Public rankings, such as the ones from CDP and RobecoSAM, are promoted by companies themselves when they perform well. Media and NGOs are also relaying this information, increasing public awareness on the subject. CDP even uses the name-and-shame method by publicly disclosing the names of the companies that don’t answer to its invitation to participate.
Working toward a more standardized approach
Companies experience survey fatigue as they receive dozens of requests from assessing organizations(3) and often not under the same formats. On the other side, investors acknowledge the increasing amount of ESG data available, but a lack of standardization makes it difficult to compare companies(7).
Though there are two types of assessments (for the investment community and for companies focusing on supply chain risks and opportunities), we see assessing organizations trying to reduce the work for respondents.
“EcoVadis has a partnership with CDP, enabling us to access the data provided to CDP by our clients — it reduces the number of times our clients have to provide their data on climate change,” McClintock said. “Perhaps more importantly, we support industry initiatives, including TfS in chemicals, GeSI-ETASC in ICT, Railsponsible and AIM-Progress in food and consumer goods, which have standardized on the EcoVadis rating for CSR assessment of suppliers. This is vastly simplifying the process for suppliers to share results to multiple clients.”

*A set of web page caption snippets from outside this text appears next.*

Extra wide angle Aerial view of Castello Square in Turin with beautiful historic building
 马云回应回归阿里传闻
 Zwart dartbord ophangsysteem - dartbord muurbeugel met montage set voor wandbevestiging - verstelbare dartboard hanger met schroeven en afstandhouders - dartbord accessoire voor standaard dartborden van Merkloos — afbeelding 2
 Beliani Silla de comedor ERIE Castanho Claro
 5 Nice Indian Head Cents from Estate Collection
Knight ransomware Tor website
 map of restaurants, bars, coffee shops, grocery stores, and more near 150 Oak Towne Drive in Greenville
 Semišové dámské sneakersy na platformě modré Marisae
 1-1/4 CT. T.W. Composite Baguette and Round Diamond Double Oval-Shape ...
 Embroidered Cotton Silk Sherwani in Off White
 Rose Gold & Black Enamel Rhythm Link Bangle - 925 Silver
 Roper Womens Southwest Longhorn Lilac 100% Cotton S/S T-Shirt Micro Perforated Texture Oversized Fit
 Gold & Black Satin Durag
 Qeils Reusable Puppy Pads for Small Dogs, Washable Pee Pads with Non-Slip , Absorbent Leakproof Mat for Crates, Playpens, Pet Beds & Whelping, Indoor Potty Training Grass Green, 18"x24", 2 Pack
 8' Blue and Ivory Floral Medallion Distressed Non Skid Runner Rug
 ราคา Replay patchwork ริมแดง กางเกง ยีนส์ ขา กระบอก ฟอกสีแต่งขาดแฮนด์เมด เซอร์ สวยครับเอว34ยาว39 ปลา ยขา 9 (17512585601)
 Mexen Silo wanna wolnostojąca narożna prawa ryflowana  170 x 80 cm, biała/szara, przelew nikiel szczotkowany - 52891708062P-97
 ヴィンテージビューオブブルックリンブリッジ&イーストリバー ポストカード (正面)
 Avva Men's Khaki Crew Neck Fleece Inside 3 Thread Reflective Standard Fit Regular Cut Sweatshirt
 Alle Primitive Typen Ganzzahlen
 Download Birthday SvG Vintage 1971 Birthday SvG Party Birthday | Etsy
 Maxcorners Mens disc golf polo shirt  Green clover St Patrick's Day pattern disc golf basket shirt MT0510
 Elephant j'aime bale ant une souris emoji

Others, such as RobecoSAM and its CSA, align their questionnaires with different organizations. “RobecoSAM works with CDP, GRESB or the London Benchmarking Group. Climate Strategy questions are aligned with GRESB. We try to ask questions in a way that companies reporting according to GRI can recycle their efforts and easily identify how they can reference their GRI reporting in our questionnaire. We’re very aware of companies’ reporting burden and we actively try to ease it by aligning our questionnaire with other organizations’ questionnaires,” Dornau said.
Some will try to consolidate their teams, such as French sustainability rating agency Viego, which merged with Eiris in 2016 to provide European investors with stronger ESG information and research.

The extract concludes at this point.